Logistic regression is a flexible tool for modeling binary outcomes. A logistic regression describes the probability, \(P\), of 1/“yes”/“success” (versus 0/“no”/“failure”) as a linear combination of predictors:

\[log(\frac{P}{1-P}) = B_0 + B_1X_1 + B_2X_2 + ... + B_kX_k\]

Though free of the distributional assumptions of linear regression—e.g., normally distributed errors with constant variance, \(e \sim N(0, \sigma^2)\)—a “standard” logistic regression model (lacking nonlinear terms, such as splines) does assume linearity between the predictors and the logit of the outcome (the log-odds of 1/“yes”/“success”). For the practicing analyst who fits a logistic regression, there are several goodness-of-fit tests on offer for assessing the compatibility between the model and its underlying data (see Harrell, 2015, section 10.5). A poor fit for a model lacking nonlinear terms can signal that the imposition of linearity was inappropriate. (Likewise, it can signal that a key predictor, or a couple, may have been omitted from the model. Distinguishing between possible causes of poor fits can leave even the most ataraxic analyst weary and withered.)

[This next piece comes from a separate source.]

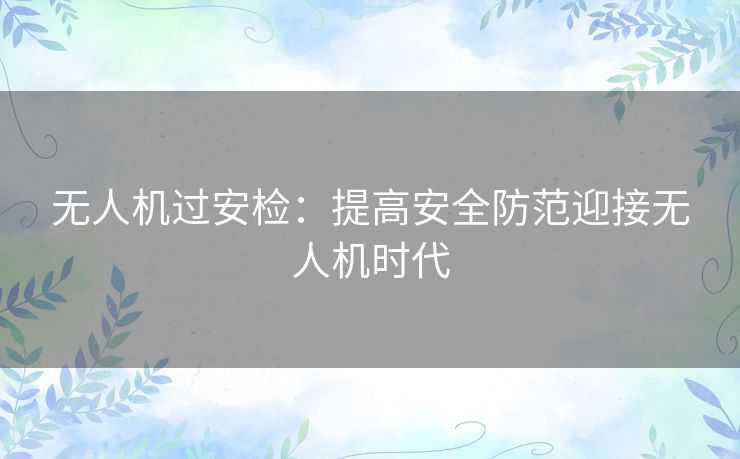 无人机过安检：提高安全防范迎接无人机时代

When working with a reasonably large sample, an analyst can use a single-plot graphical method to assess whether the relationship between a predictor and the log-odds of some binary outcome is plausibly linear. The log-odds of the outcome, y, are not naturally in the data, as the outcome is recorded simply as ones and zeros. But log-odds can be approximated for “chunks” of predictor values: The analyst can divide observations into buckets—say, deciles—based on the values of a predictor, x. She can then estimate the log-odds of y within each bucket by calculating the proportion of y = 1 responses, P, and then by taking \(log(\frac{P}{1-P})\). Plotting the log-odds values against the (ordered) buckets gives a visual approximation of the relationship between x and the log-odds of y (Harrell, 2015, pp. 237–239; Menard, 2002, pp. 70–71).

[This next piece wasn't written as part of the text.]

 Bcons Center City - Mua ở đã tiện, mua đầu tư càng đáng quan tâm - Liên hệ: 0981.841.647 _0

This approach extends naturally to the two-predictor case: One can stratify observations by values of a second predictor, z, before undertaking the “bucketing” process described above. If z is a binary predictor, the stratification is intuitive: Group the z = 0 observations together and the z = 1 observations together. Likewise, for a multinomial or ordinal z, group observations by category or ordinal value. For a continuous z, one could proceed by stratifying observations by terciles or quartiles of z. The analyst can then plot different lines for each stratified group, with the lines again capturing the approximate relationship between the log-odds of y and (buckets of) x. In the two-predictor case, the plot can reveal whether an interaction between x and z is warranted in the model: If the lines for different stratified groups vary in slope, then assuming that the relationship between x to the log-odds of y is constant across z is unwarranted.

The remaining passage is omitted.